Çok mükemmel bir tahsîl ile zamânının meşhûr âlimleri arasına giren Fuzûlî, Arapça, Farsça ve Türkçe olmak üzere üç dilde de pek meşhûr ve değerli eserler vücûda getirmiştir. Bilhassa Türkçe şiirleri bakımından kendisine ikinci Ali Şir Nevâî denilmiştir. Bir başka ifâdeyle de “şâir-i mâder-zât”, yâni “anadan doğma şâir” olarak anılagelmiştir.

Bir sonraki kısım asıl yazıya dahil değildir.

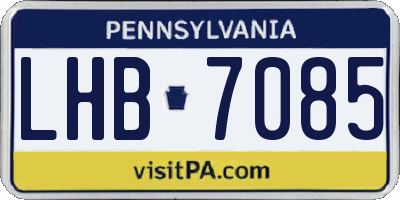PA license plate LHB7085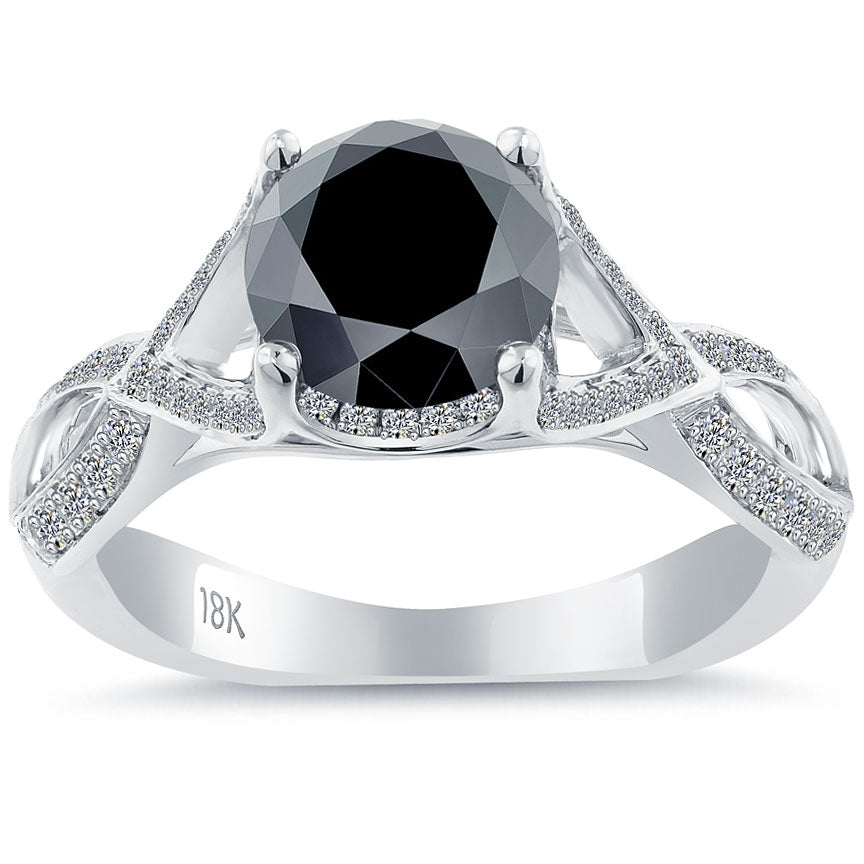 2.01 Carat Vintage Style Natural Black Diamond Engagement Ring 18k White Gold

Onun “Fuzûlî” mahlasını alması hayli nüktelidir:
Fuzûlî, şiire başladığı yıllarda çeşitli mahlaslar kullanmış, fakat bunları başka şâirlerin de kullandıklarını görünce hepsinden vazgeçmiştir. Nihâyet ilk bakışta “gereksiz, boşboğaz ve fodul” gibi mânâlara geldiğinden hiç kimsenin mahlas olarak alamayacağı “Fuzûlî” kelimesini keşfetmiş ve severek tercih etmiştir. Zîrâ bu kelime, fazl’ın çoğuludur ki, “şahsî üstünlüklerle, yâni fazîletlerle alâkalı” mânâsına da gelmektedir.
Fuzûlî, bu mahlası tercihini Farsça dîvânının mukaddimesinde:
“Düşündüm; eğer şiirde başkaları ile müşterek bir mahlas alırsam muvaffak olamadığım takdîrde bana yazık olur. Muvaffak olursam mahlas ortağıma zulmetmiş olurum. Bunu ortadan kaldırmak için kimsenin kabûl etmediği ve edemeyeceği bir mahlas aldım. Böylece mahlas sebebiyle gelebilecek üzüntülerin kapısını kapadım ve şiirlerin karışması endişesinden kurtuldum.” şeklinde anlatır.
Bir şiirinde de şöyle der:
“Kötü bir nâm almam, beni halk arasına karışmaktan uzak tuttu. Bu suretle kendi köşeme çekilip hüner elde etmekle meşgul oldum. Allâh’a şükür olsun fenâ sandığım şey iyi çıktı. Dikenim gül, toprağım altın, taşım da mücevher oldu.”

Hasılım yok ser-i kuyunda beladan gayrı
Garazım yok reh-i aşkında fenadan gayrı
Senin etrafında elde edebildigim bir sey yok beladan baska, Bir amacım yok aşkının yollarında kendimi kaybetmekten başka .
Ney-i bezm-i gamem ey ah ne bulsan yele ver
Oda yanmış kuru cismimde hevadan gayrı
Uzuntu toplulugunun neyiyim, ne bulursan rüzgara ver , Ateşle yanmış kuru cismimde havadan başka.
Perde çek çehreme hicran günü ey kanlı sirişk
Ki gözüm görmeye ol mah-likadan gayrı
Hicran günü yüzüme bir perde çek ey gözyaşı, Ki gözüm kimseyi görmesin o ay yüzlü güzelden başka.
Yetti bikesliğim al gayete kim çevremde
Kimse yok çevrile girdab-ı beladan gayrı
Yetti artık kimsesizliğim, çevremde kim varsa al, Dönen hiç bir şey yok bela girdabından başka.
Ne yanar kimse bana ateş-i dilden özge
Ne açar kimse kapım bad-ı sabadan gayrı
Ne yanar kimse bana gönül ateşinden özge, Ne açar kimse kapımı sabah rüzgarından başka
Bozma ey mevc gözüm yaşı hababın ki bu seyl
Koymadı hiç imaret bu binadan gayrı
Ey dalga! bu sel gözümün yaşının bir kabarcığıdır, bozma, Eağlam hiç bir şey bırakmadı bu binadan başka
Bezmi aşk içre fuzuli nice ah eylemeyem
Ne temettu bulunur bende sadadan gayrı
Aşk alemi içinde ah edip sızlanma ey fuzuli! Ne kar bulabilirsin ki kendinde bu sedadan başka.